In the records below, find the line with "Tweet showing a" and the line with "Hunting Preserve 370"; return exactly those lines and every line between them.
(Extracted entries)
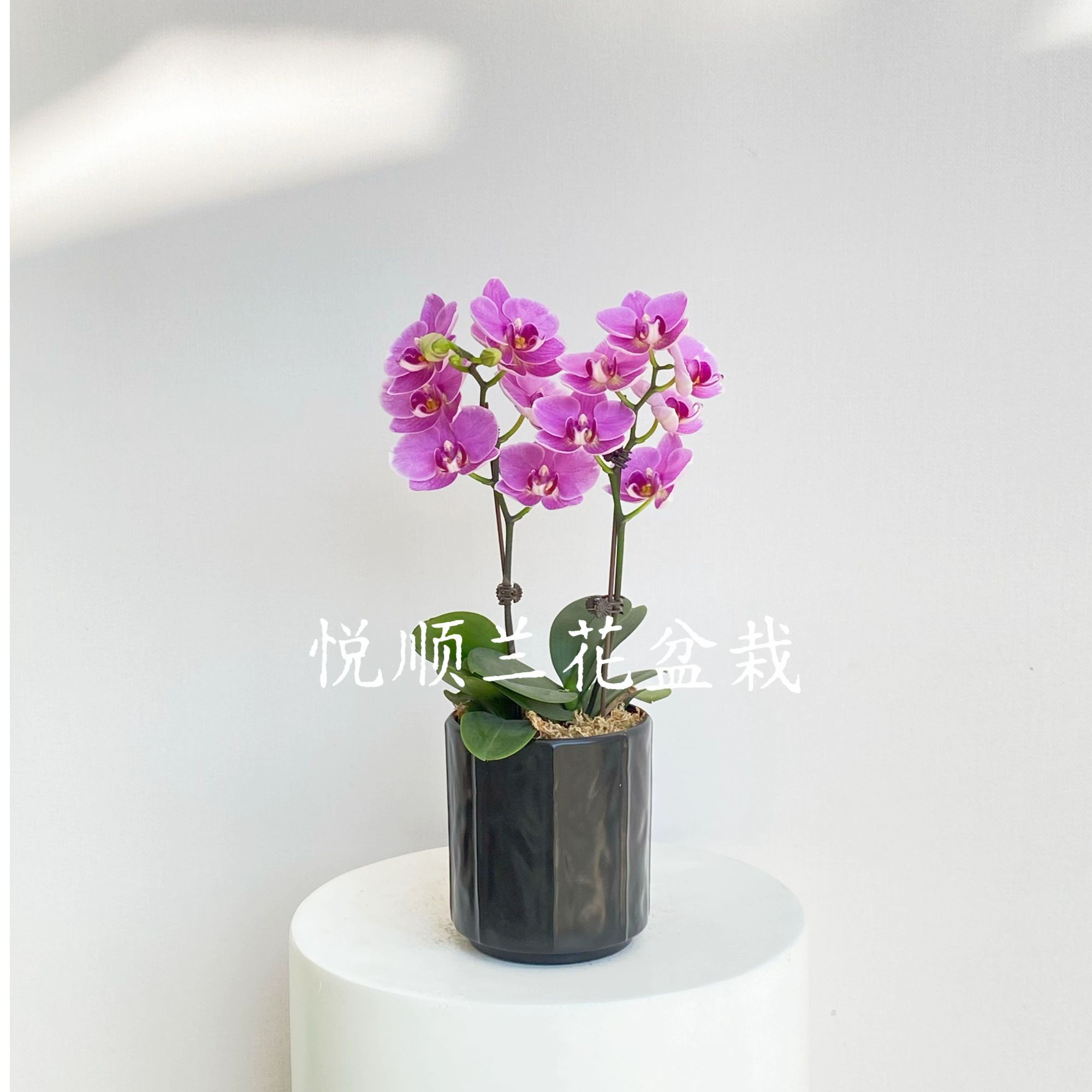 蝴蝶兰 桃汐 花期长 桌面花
(End Extracted entries)
(Extracted entries)
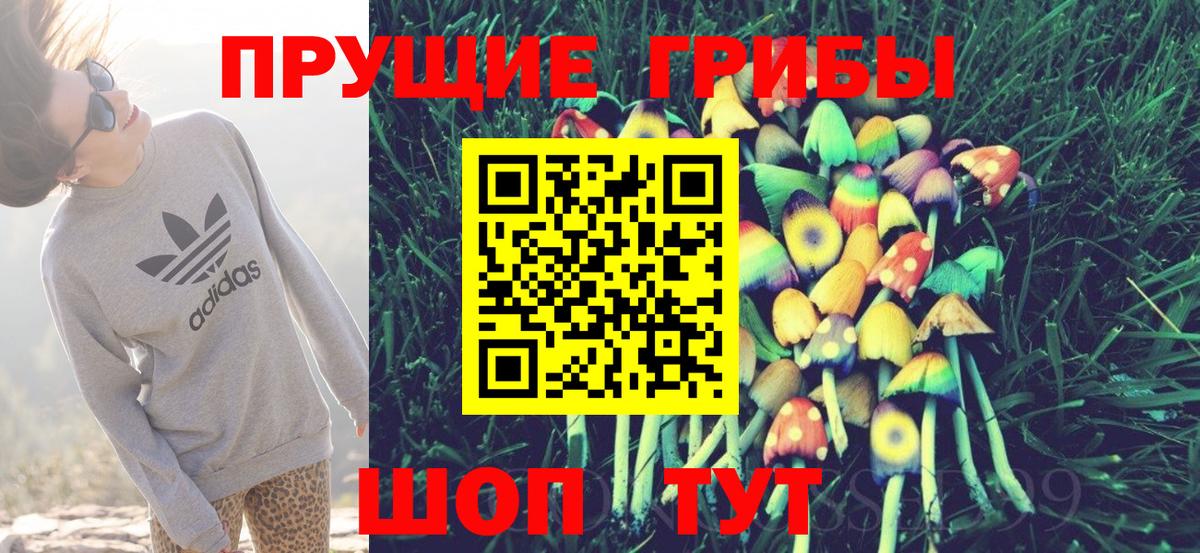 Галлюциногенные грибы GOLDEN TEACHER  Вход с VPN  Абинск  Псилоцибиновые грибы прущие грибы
(End Extracted entries)
(Extracted entries)
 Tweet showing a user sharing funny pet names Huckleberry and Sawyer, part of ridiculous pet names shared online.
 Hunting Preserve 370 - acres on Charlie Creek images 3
(End Extracted entries)
» **Solution**
 Tweet showing a user sharing funny pet names Huckleberry and Sawyer, part of ridiculous pet names shared online.
 Hunting Preserve 370 - acres on Charlie Creek images 3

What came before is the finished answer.